JOINT BASE MYER-HENDERSON HALL, Va. — Sgt. Maj. of the Army Daniel A. Dailey recognized Sgt. James McBray of 1st Brigade, 10th Mountain Division, as the 2015 Meat Gazer of the Year, the Army announced Monday.

“I’ve never seen a soldier get after meat gazing with the personal courage and never-quit attitude that McBray embodies,” Dailey said. “McBray’s execution of the locker room casual glance technique (LRCGT) has inspired a new field manual on the subject.”

Dailey went on to cite McBray’s intrepid service as a urinalysis observer. “McBray lives the Army Values by always directly observing the voiding of urine into the specimen bottle at a distance of no more than 6 inches, in accordance with Appendix E, Army Regulation 600–85.”

“McBray is a consummate pro,” said Spc. Chardee Diaz, the 2014 Meat Gazer of the Year who was present for the ceremony and delivered the invocation. “McBray’s Google Hangouts seminar on peripheral vision was seminal and a field game-changer.
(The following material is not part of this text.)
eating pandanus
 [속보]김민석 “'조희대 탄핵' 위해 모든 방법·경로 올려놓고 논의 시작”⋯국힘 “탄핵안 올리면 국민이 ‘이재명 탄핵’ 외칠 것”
Let us pray.”

His recognition did not come without controversy. According to one soldier close to McBray, he apparently spends way too much time at the gym shower just “dong ogling,” leading his skin to look like it’s made of prunes.

When reached for comment about the award, McBray was confused, argumentative, and responded in classic meat-gazer fashion: “I don’t stare at cocks. I like chicks, man.”